ASSIGNMENT
Leaving out the pictures, restate each record below word for word.

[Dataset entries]
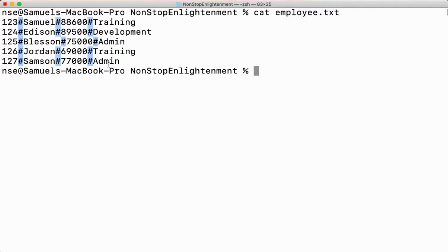Now if I want to sort the entire file, it needs to be sorted based on a specific column — for example, sort based on name, sort based on department, or sort based on salary. I can do anything, provided you give a proper delimiter in between.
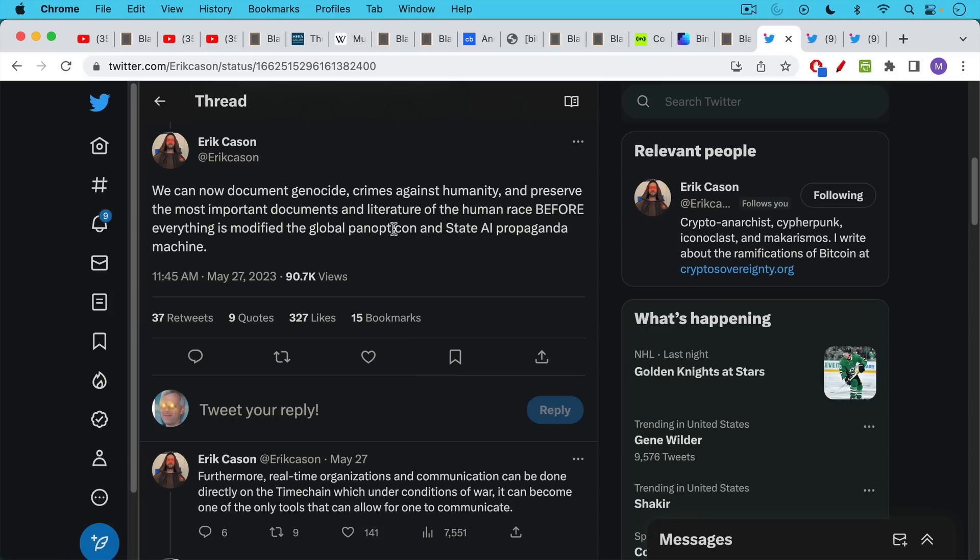He says, this is on May 27th, we can now document genocide, crimes against humanity, and preserve the most important documents and literature of the human race before everything is modified by the global panopticon. In other words, a global surveillance system and state AI propaganda machine.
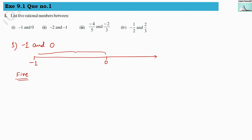Since we have to find out five rational numbers, we are going to multiply above and below with 6. We will write 1 in the denominator of minus 1, because any whole number can always be written with 1 in its denominator — for example, 5 equals 5 by 1. So I have written 1 in the denominator of minus 1 and I am multiplying above and below with 6 because we are going to find out five rational numbers.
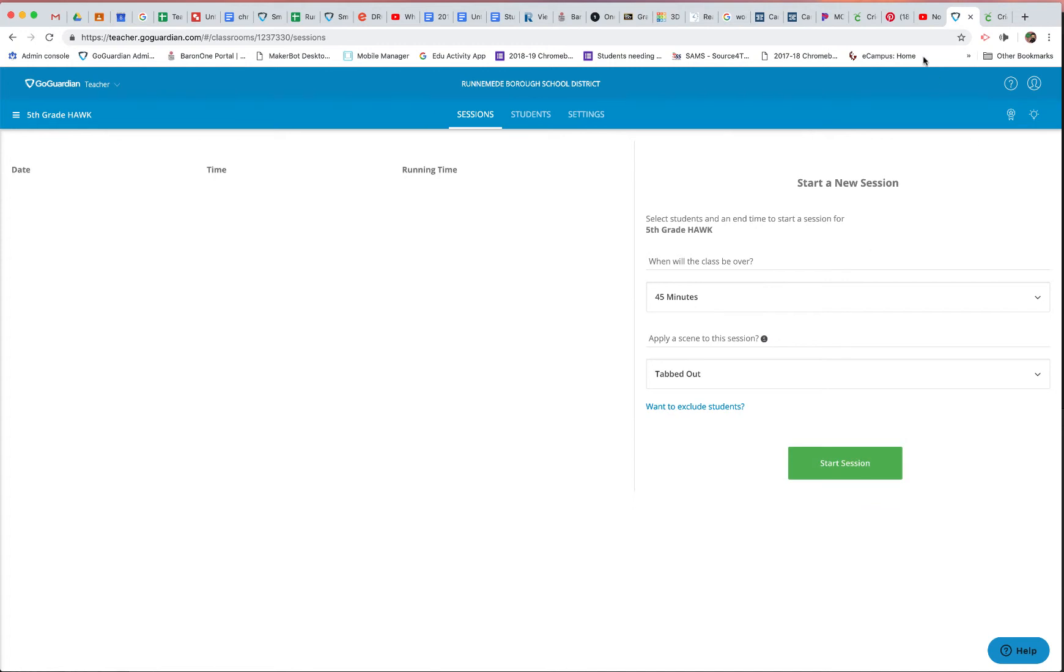That way they can only open the five tabs, and things should go swimmingly. Let me know if you have any questions.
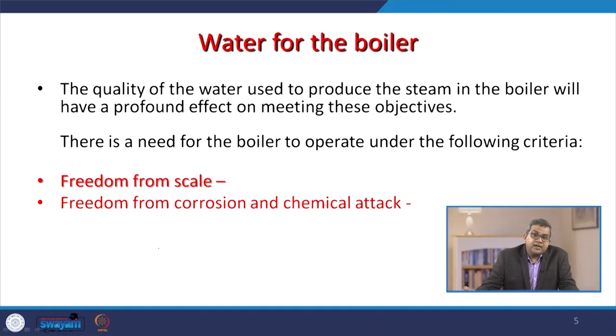The quality of water used to produce steam in the boiler has a profound effect on meeting the objectives of the boiler. There is a need for the boiler to operate under various criteria, including freedom from scale and freedom from corrosion and chemical attack. We discussed previously how scales are generated and how dangerous they are. Apart from scale, corrosion and chemical attack are also important because debris may carry metal particles, and if steam is used directly in any chemical reaction, it may create a catalytic effect.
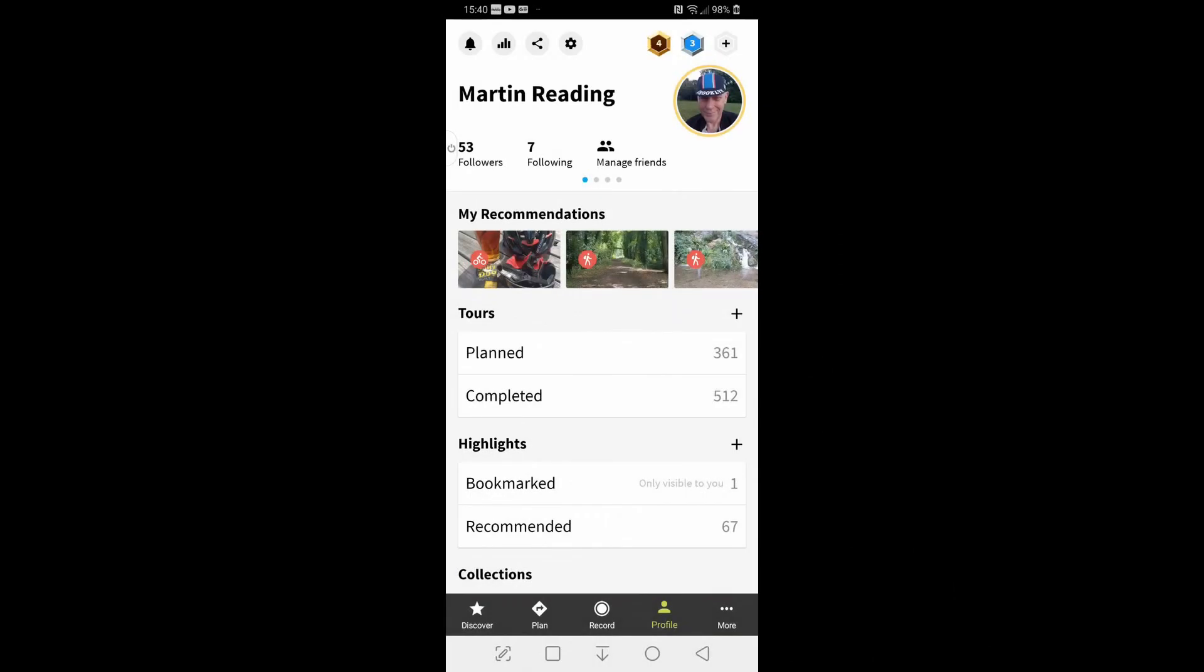Okay, so there are several different ways of getting routes into Komoot, apart from actually drawing them in the route planner. You can access these from several places.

OUTPUT FOR THIS TASK
Now if I want to sort the entire file, it needs to be sorted based on a specific column — for example, sort based on name, sort based on department, or sort based on salary. I can do anything, provided you give a proper delimiter in between.
He says, this is on May 27th, we can now document genocide, crimes against humanity, and preserve the most important documents and literature of the human race before everything is modified by the global panopticon. In other words, a global surveillance system and state AI propaganda machine.
Since we have to find out five rational numbers, we are going to multiply above and below with 6. We will write 1 in the denominator of minus 1, because any whole number can always be written with 1 in its denominator — for example, 5 equals 5 by 1. So I have written 1 in the denominator of minus 1 and I am multiplying above and below with 6 because we are going to find out five rational numbers.
That way they can only open the five tabs, and things should go swimmingly. Let me know if you have any questions.
The quality of water used to produce steam in the boiler has a profound effect on meeting the objectives of the boiler. There is a need for the boiler to operate under various criteria, including freedom from scale and freedom from corrosion and chemical attack. We discussed previously how scales are generated and how dangerous they are. Apart from scale, corrosion and chemical attack are also important because debris may carry metal particles, and if steam is used directly in any chemical reaction, it may create a catalytic effect.
Okay, so there are several different ways of getting routes into Komoot, apart from actually drawing them in the route planner. You can access these from several places.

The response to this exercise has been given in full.